Mandated appropriations account for 81 percent of the state's portion of spending proposed for the 2015 fiscal year beginning in July, according to a November report from the Department of Legislative Services' Office of Policy Analysis. The two-year budget shortfall has grown to nearly $1.2 billion.

"Beyond what's in his initial budget, I think you'll see him trying to change some of those mandatory spending patterns to give the state a little bit more flexibility and an ability to avoid ongoing structural deficits," said Todd Eberly, associate professor of political science and chairman of Political Science Department at St. Mary's College of Maryland.

Hogan vowed during the campaign that he would work with the state legislature, and observers will be watching carefully to see how long bipartisanship will last in a state with a 2-to-1 Democratic registration.

"I would say the two presiding officers in the state legislature are moderate to conservative Democrats but their rank and file, particularly in the House, are very liberal so that's going to be a pressure point for all of these four years," said Josh Kurtz, a political blogger for Center Maryland.

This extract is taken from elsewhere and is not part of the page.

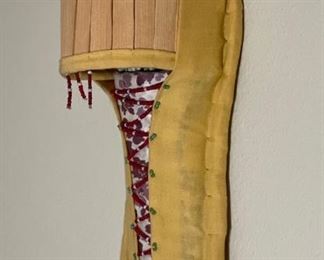 #1 Apache Cradleboard Doll 10in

Kurtz and others noted that the previous Republican governor, Bob Ehrlich, similarly pledged compromise but instead fought with the legislature through much of his single four-year term.

"So if Hogan chooses to fight with the Democrats, it's going to be an ugly four years," Norris said. "He won't get anything accomplished. If he can find ground for compromise and cooperation, then I think things will work out pretty well for both sides. We just have to wait and see."

Hogan, who won 54 percent of the vote to 45 percent for Brown, has said he wants to appeal two environmental measures: a storm water remediation fee, otherwise known as the rain tax, and regulations governing how much nitrogen can be released into the Chesapeake Bay, particularly from chicken farmers on the Eastern Shore, Norris said.

Hogan also has questioned the expense of two large public transit projects on the boards: the Baltimore Red Line, a 14-mile light rail transit line linking the city's east and west sides to the downtown that would cost $2.9 billion, and the Greater Washington Purple Line, a 16-mile east-west transit line connecting Bethesda to New Carrollton that would cost $2.45 billion. Both would gotten $100 million in federal funding, and could get up to $900 million each if Maryland signs funding agreements.

In recent days, Hogan refused to discuss the projects until after he took office, but during the campaign, he said he would spend money on roads rather than on expanding public transportation.
Observers noted that he was elected by predominantly suburban and rural voters.

Others programs that could prompt objections from voters if Hogan tries to cut them: school construction and prekindergarten.

"Nobody really knows what Hogan is going to be like when things don't go his way because he's never held elective office before," Kurtz said. "So in that respect, he's a big mystery."